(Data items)
===============

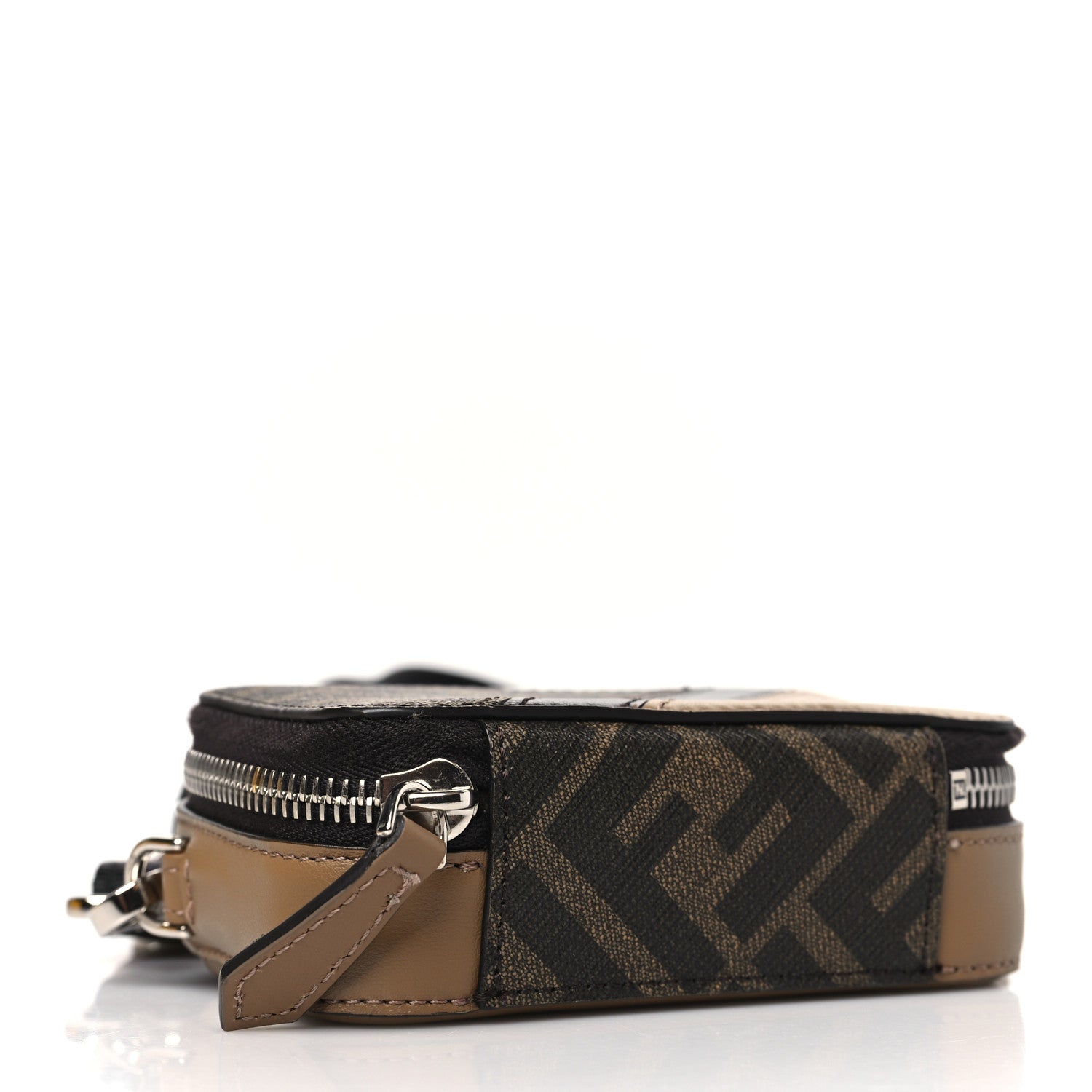 Fendi Glazed Fabric Vitello Cover FF 1974 Diagonal Bi-Color Mini Camera Case Tobacco Moro Sand Black 4 of 10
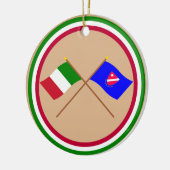 イタリアおよびモリーゼ州によって交差させる旗 セラミックオーナメント (左)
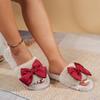Fashion 2025 NEW Fashionable and Beautiful Warm Plush Slippers Knot Thick Bottom Outdoor Wear Anti Slip Ladies Slippers Soft Shoes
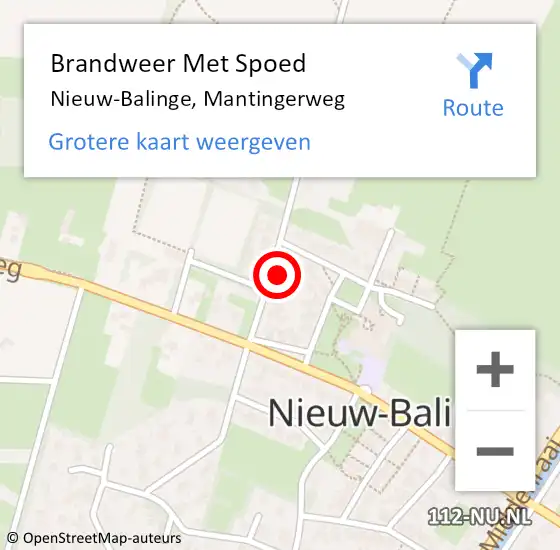 Locatie op kaart van de 112 melding: Brandweer Met Spoed Naar Nieuw-Balinge, Mantingerweg op 15 juli 2024 15:50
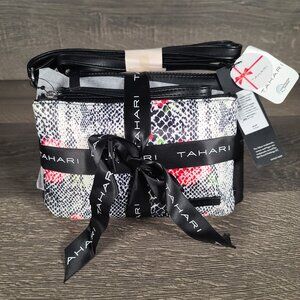 NWT Tahari 2 Piece Gift Set Women’s Crossbody Black Purse Animal Print Wristlet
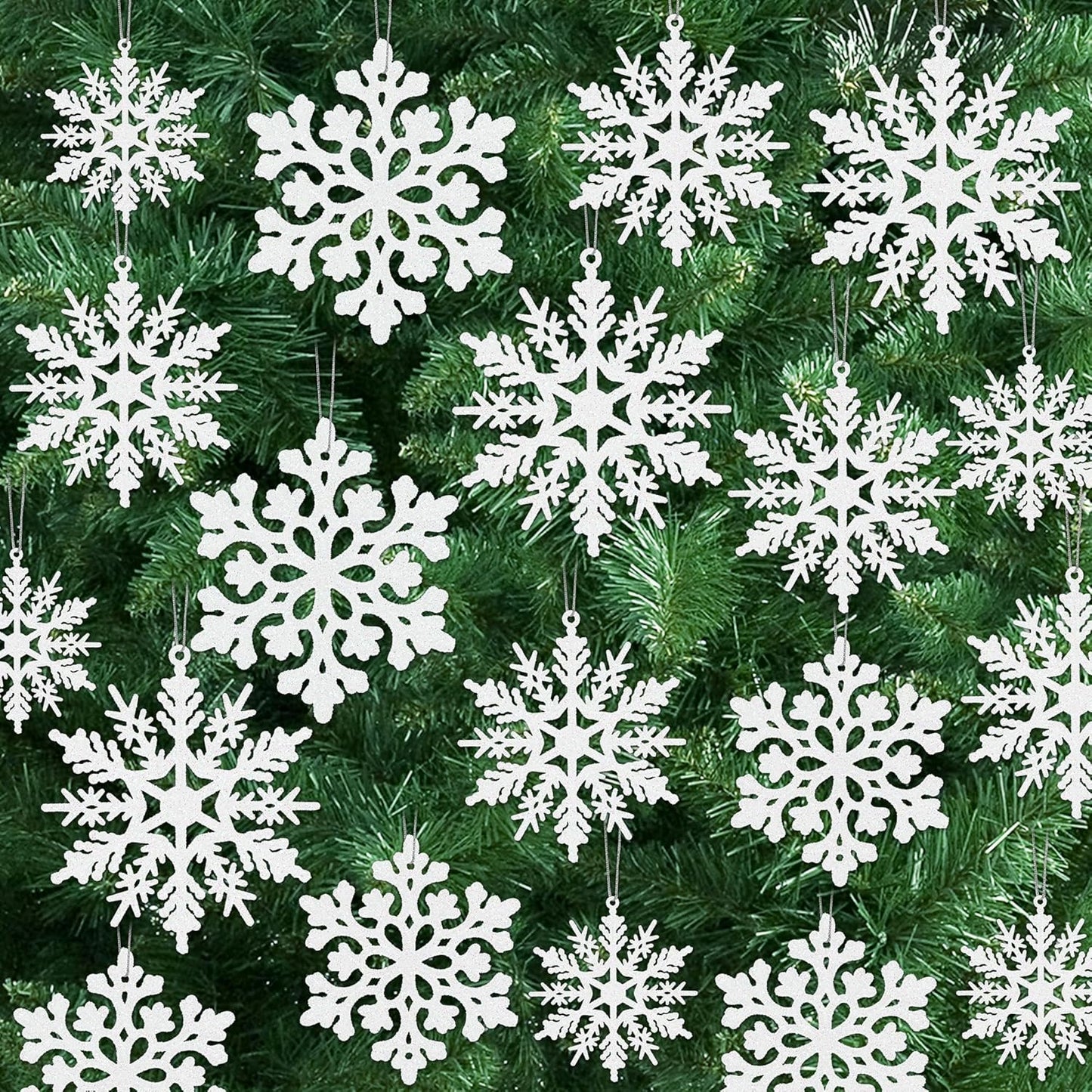 24PCS Snowflake Ornaments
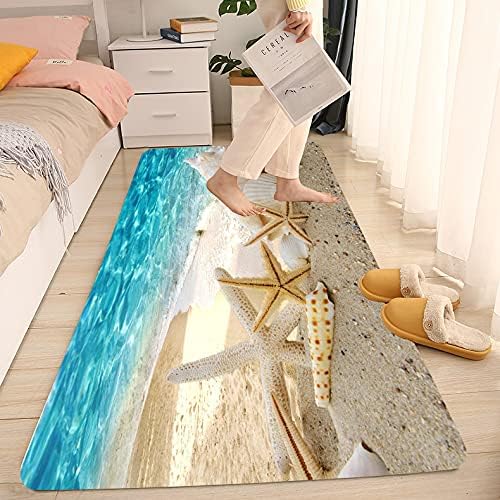 WODEJIA Non Slip Bath Rugs Sponge Foam for Bathroom,Soft Flannel Mat Rug for Living Room, Absorbent Water Clearance MatS for Forlaundry Room and Kitchen,Ocean Beach Themed Carpt 71x24 Inches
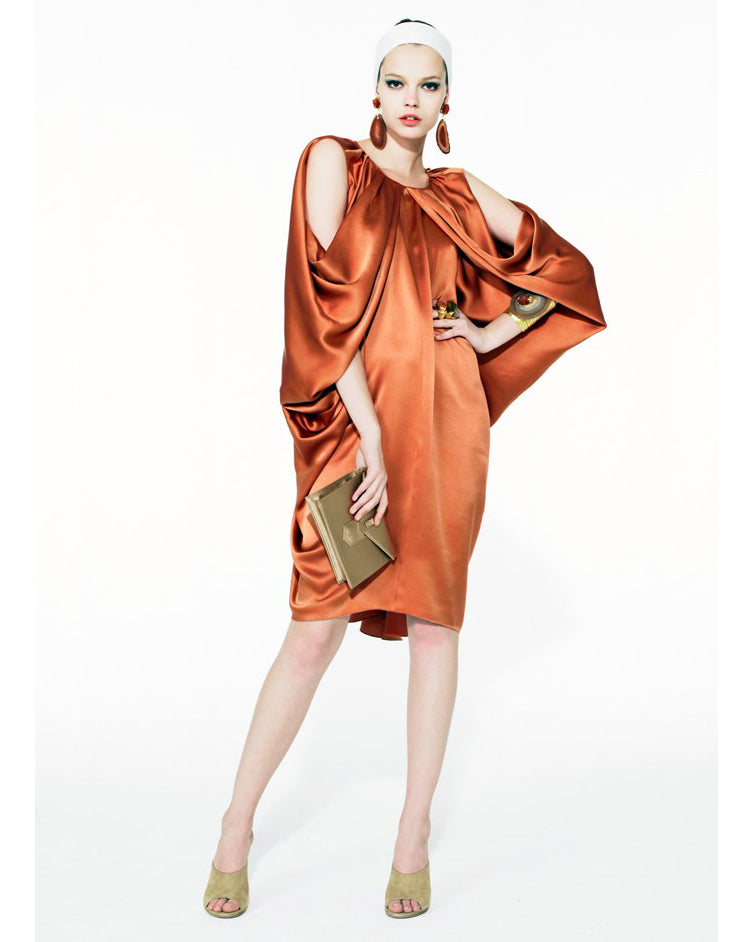 Yves Saint Laurent Resort 2010 Draped Batwing Sleeve Cocoon Dress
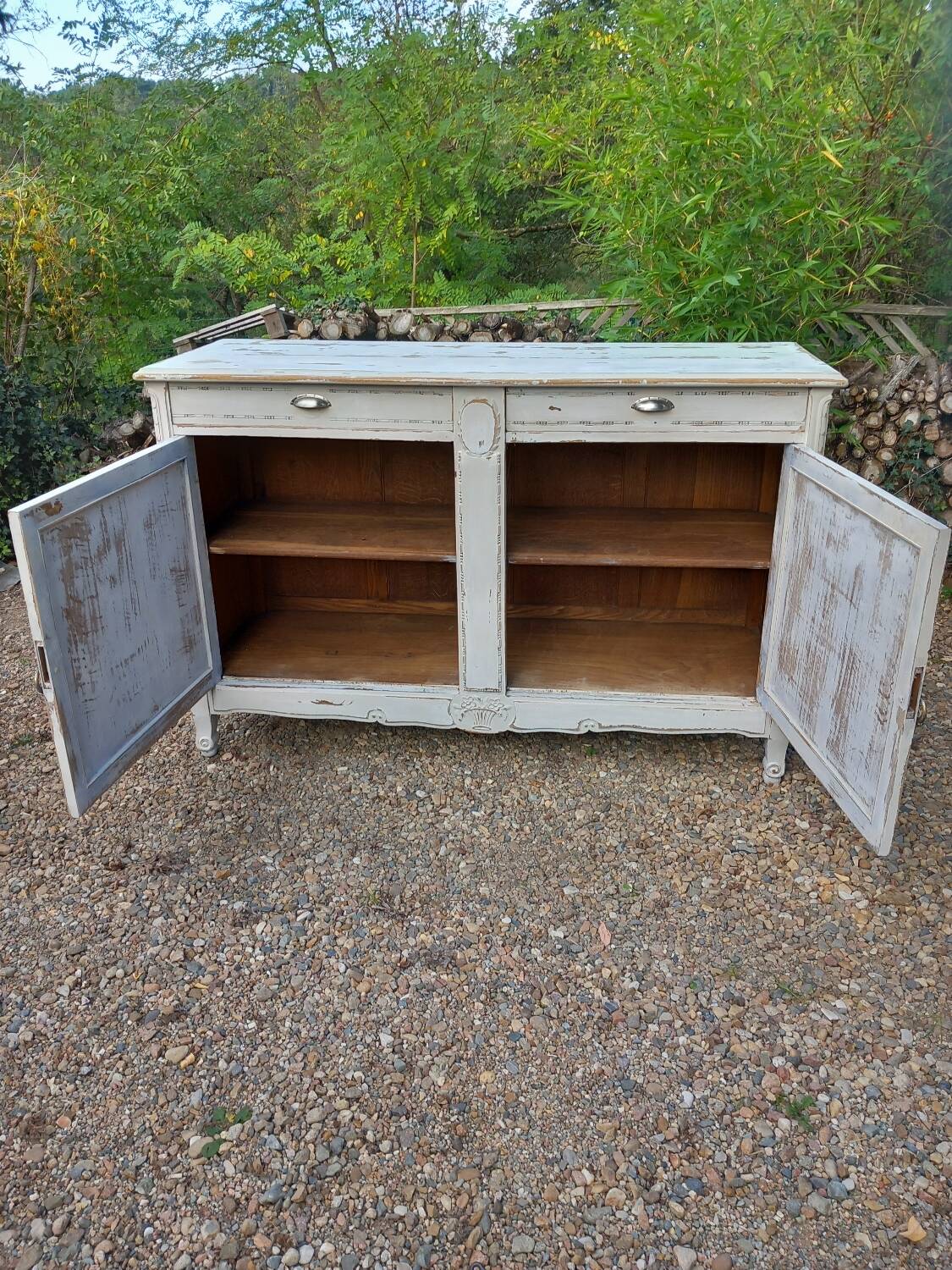 Old low sideboard in solid wood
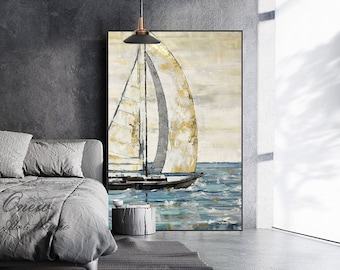 Pode incluir: Uma pintura de um veleiro com velas brancas e um detalhe dourado num oceano azul. A pintura é de estilo moderno com um efeito de pincelada texturizada.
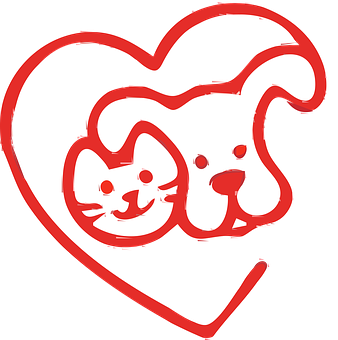 貓狗心形塗鴉壁紙 — 動物 壁紙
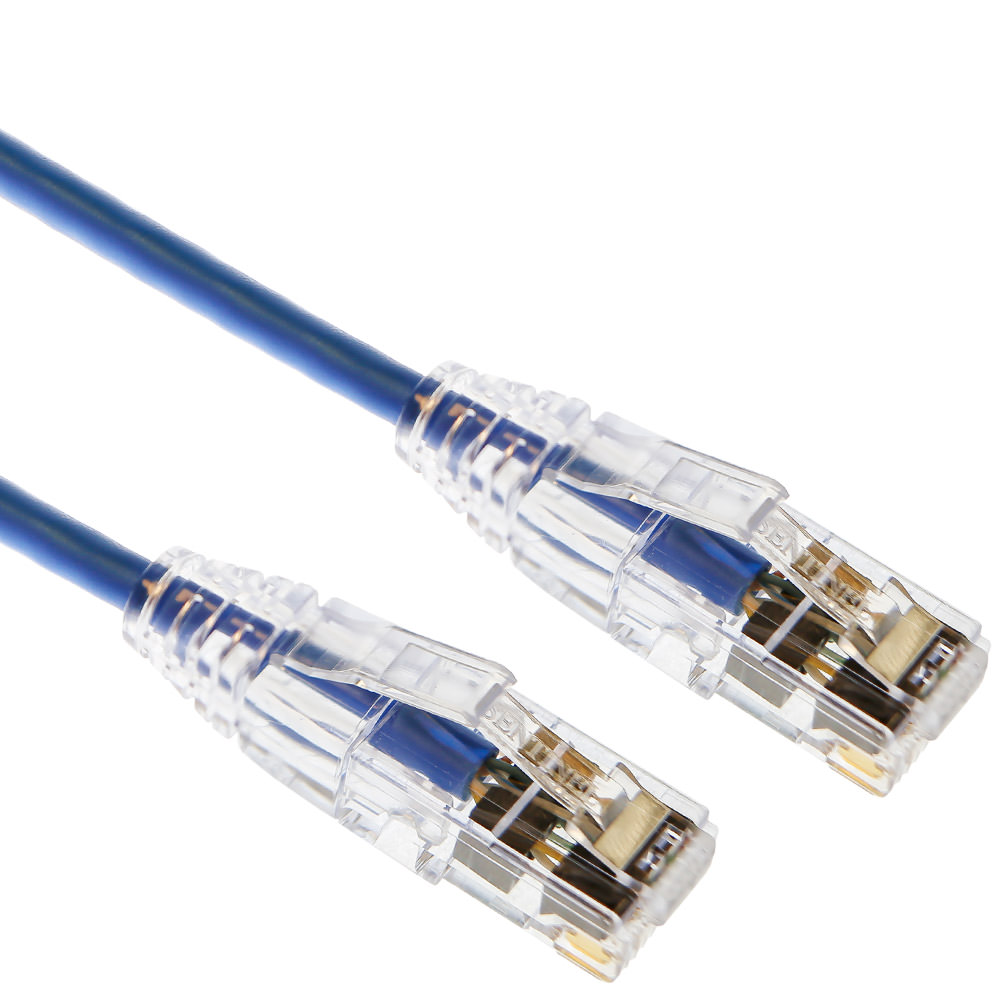 Gruber Mini Cat 6 Patch Cable - 8 FT - Blue - Pack of 10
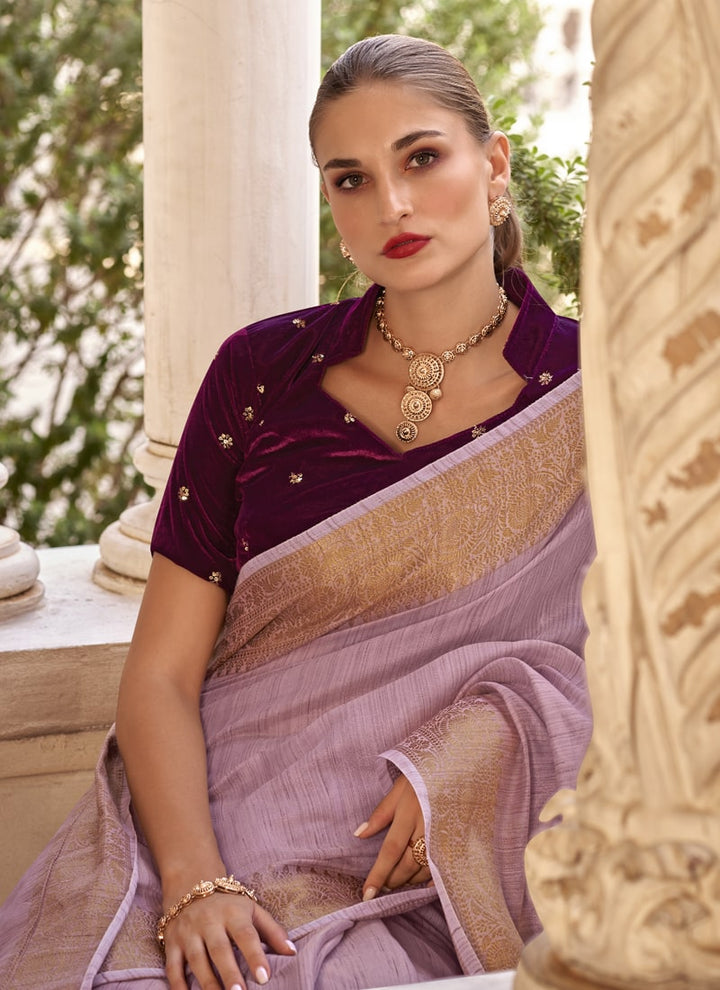 Lassya Fashion Lavender Elegant Linen Wedding Saree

===============

■ The task:
Would you copy the lines above exactly, starting with the one that has "イタリアおよびモリーゼ州によって交差させる旗 セラミックオーナメント (左)" and ending with the one that has "24PCS Snowflake Ornaments", both included, without the pictures?

■ Answer to the problem:
 イタリアおよびモリーゼ州によって交差させる旗 セラミックオーナメント (左)
Fashion 2025 NEW Fashionable and Beautiful Warm Plush Slippers Knot Thick Bottom Outdoor Wear Anti Slip Ladies Slippers Soft Shoes
 Locatie op kaart van de 112 melding: Brandweer Met Spoed Naar Nieuw-Balinge, Mantingerweg op 15 juli 2024 15:50
 NWT Tahari 2 Piece Gift Set Women’s Crossbody Black Purse Animal Print Wristlet
 24PCS Snowflake Ornaments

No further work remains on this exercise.